With over 40.000 stars on Github, more than 70.000 commits, having major contributors like Google and Redhat, Kubernetes has taken over the container ecosystem so rapidly to become the true leader when it comes to container orchestration platforms. It orchestrates computing, networking and storage infrastructure. Also, it's main purpose is to manage containerized applications in a cluster of nodes and to facilitate their deployment, scaling, updating, maintenance or service discovery.
Understanding Kubernetes and its abstractions
At an infrastructure/physical level, a Kubernetes cluster is a set of physical/virtual machines made up of two types of components: a Master and some Nodes. The Master is considered to be the "brain" of all operations, being in charge with container orchestration across nodes.
-
Master components manage the lifecycle of a Pod. If a Pod dies, the Controller creates a new one, if you scale up/down Pods the Controller creates/destroys your Pods. Components that live inside a Master node:
- kube-apiserver, exposes APIs for the other master components.
- etcd, consistent and highly-available key value store used as Kubernetes’ backing store for all cluster data.
- kube-scheduler, decides for newly created pods what Node they should run on.
- kube-controller-manager, responsible with node management (in case node goes down), pod replication, endpoint creation
- cloud-controller-manager, runs controllers that interact with the underlying cloud providers.
-
Node components are worker machines in Kubernetes, managed by the Master. A node may be a virtual machine (VM) or physical machine, depending on the cluster. Each node contains the necessary components to run pods:
- kubelet, is the agent in charge with communication between Master and Node.
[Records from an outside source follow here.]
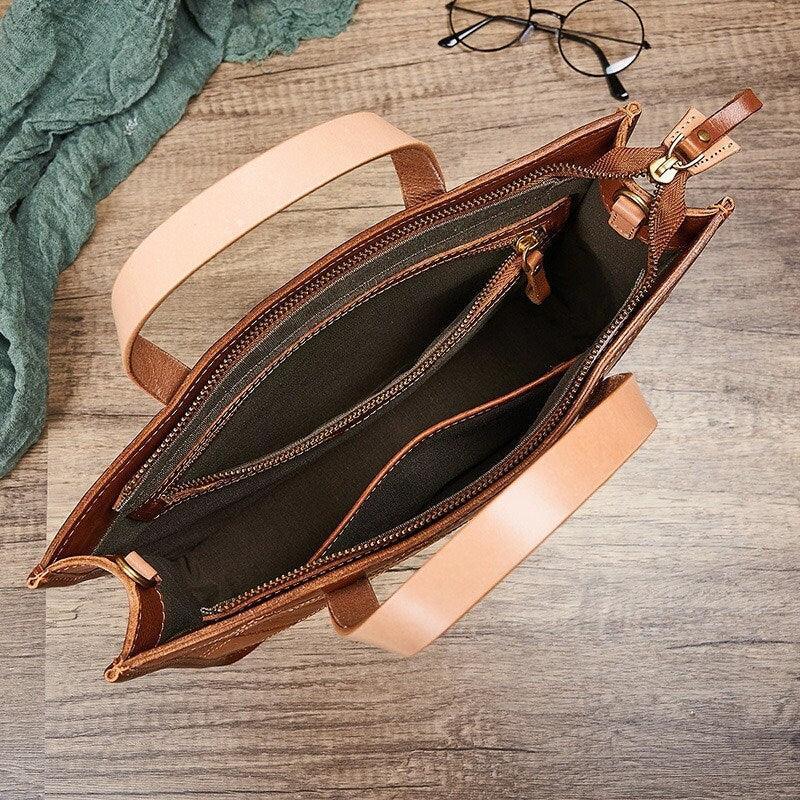 Handcrafted Italian Quilted Leather Tote Bag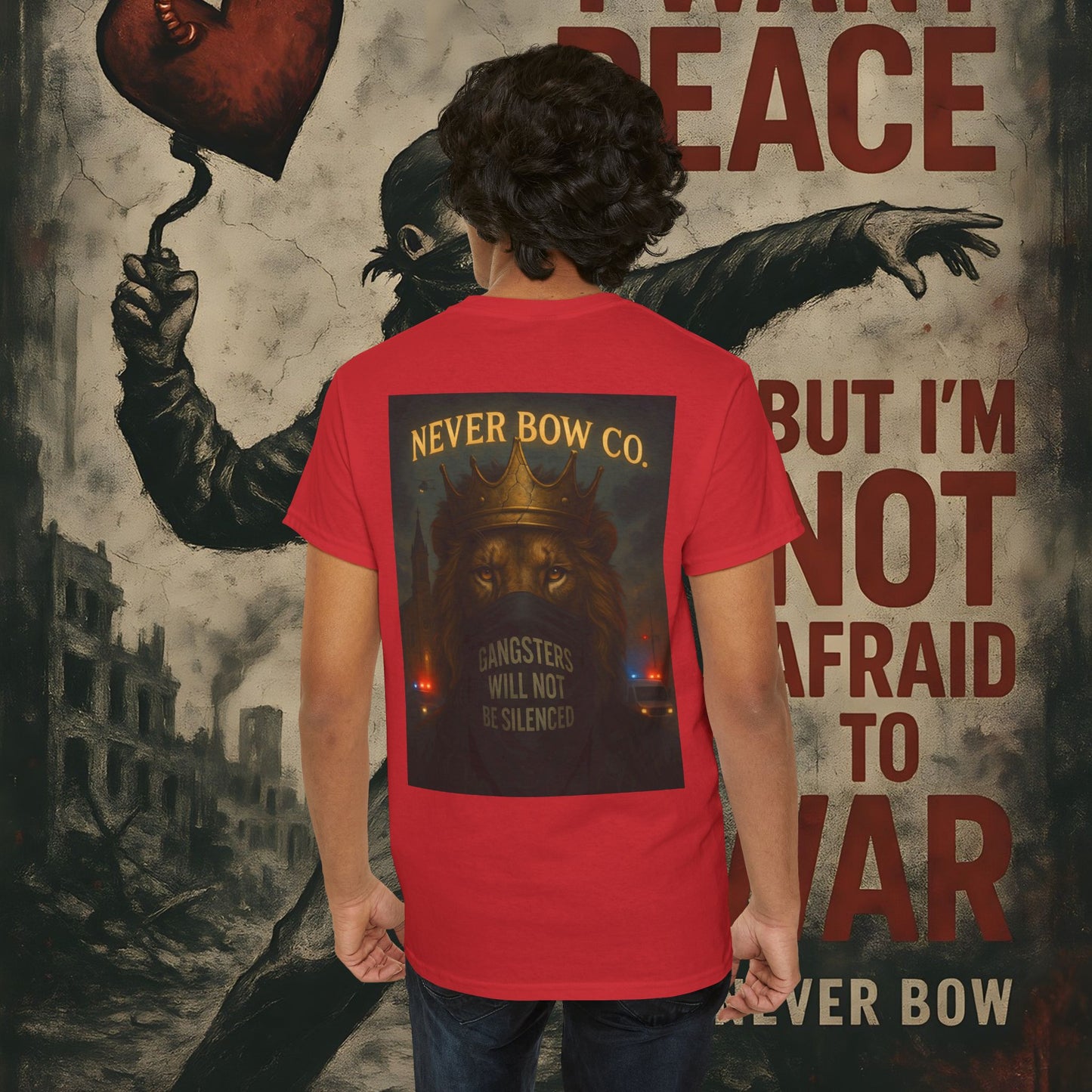 (Heavy Tee) Never Bow Co “Justice Will Be Heard” | Justice has a voice, and it roars from your back. Heavy cotton, bold print — a rebel’s declaration that truth echoes louder than lies. Wear it. Make them listen.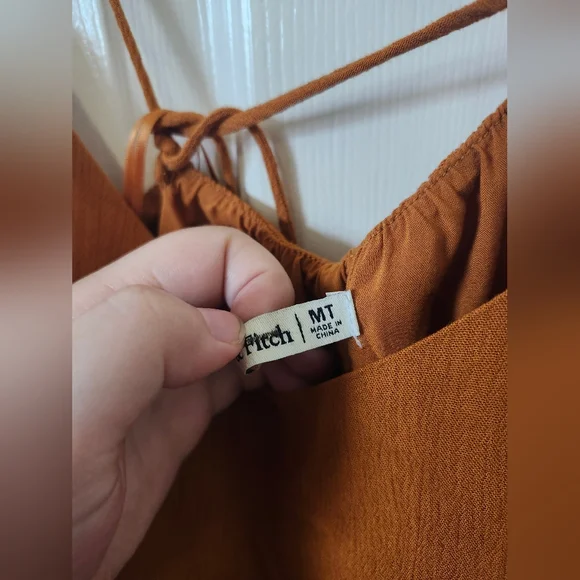 Abercrombie & Fitch Orange Tan Strappy Tie Short Romper M Tall - Picture 8 of 11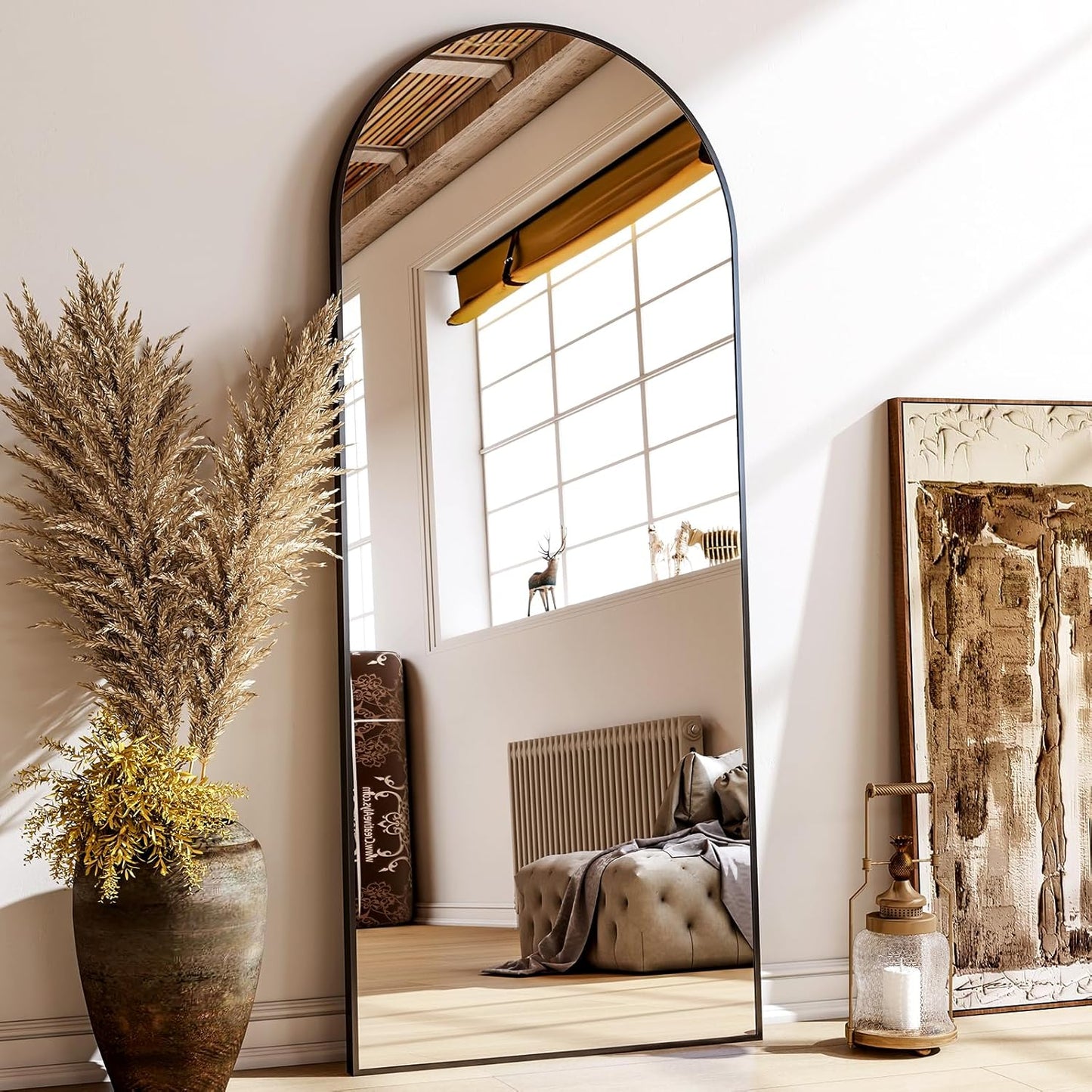 24x68 Arched Full Length Mirror Floor Mirrors with Aluminum Alloy Frame Free-Standing Wall Mounted Floor Mirrors or Large Dressing Mirror, Black Mirror Full Length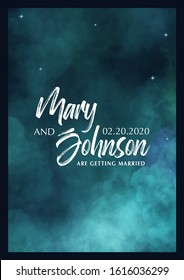 Wedding Invitation. Save the Date. Poster with cloudy background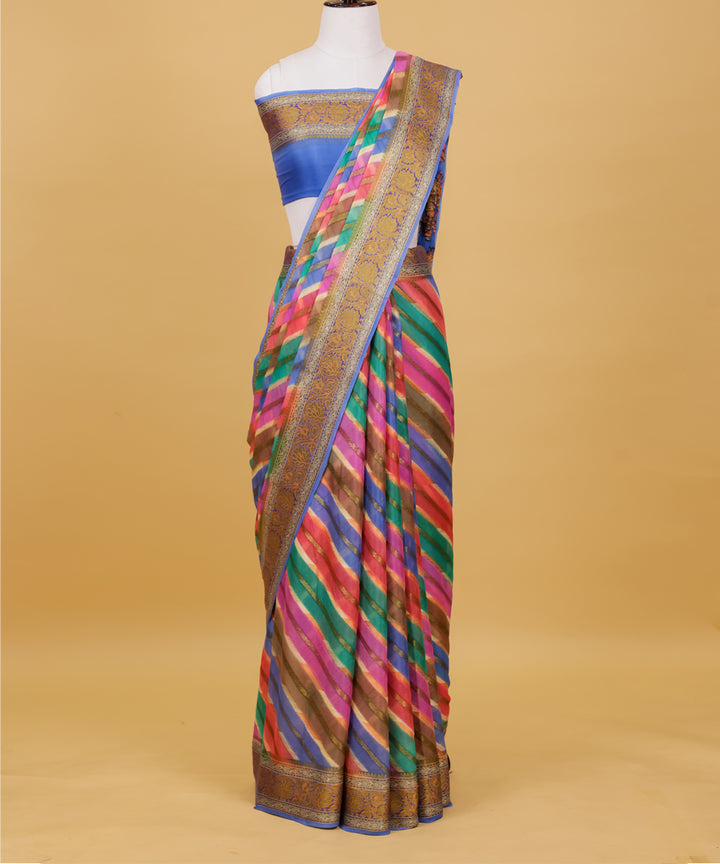 Multicolor diagonal stripe handwoven banarasi silk saree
- kube-proxy, is in charge with communication between Pods.
- container runtime, software responsible for running containers, most widely known today being Docker
On the logical point of view, this is how a Kubernetes deployment looks like:
- Pods, are units that control one or more containers, scheduled as one application. Typically you should create one Pod per application, so you can scale and control them separately.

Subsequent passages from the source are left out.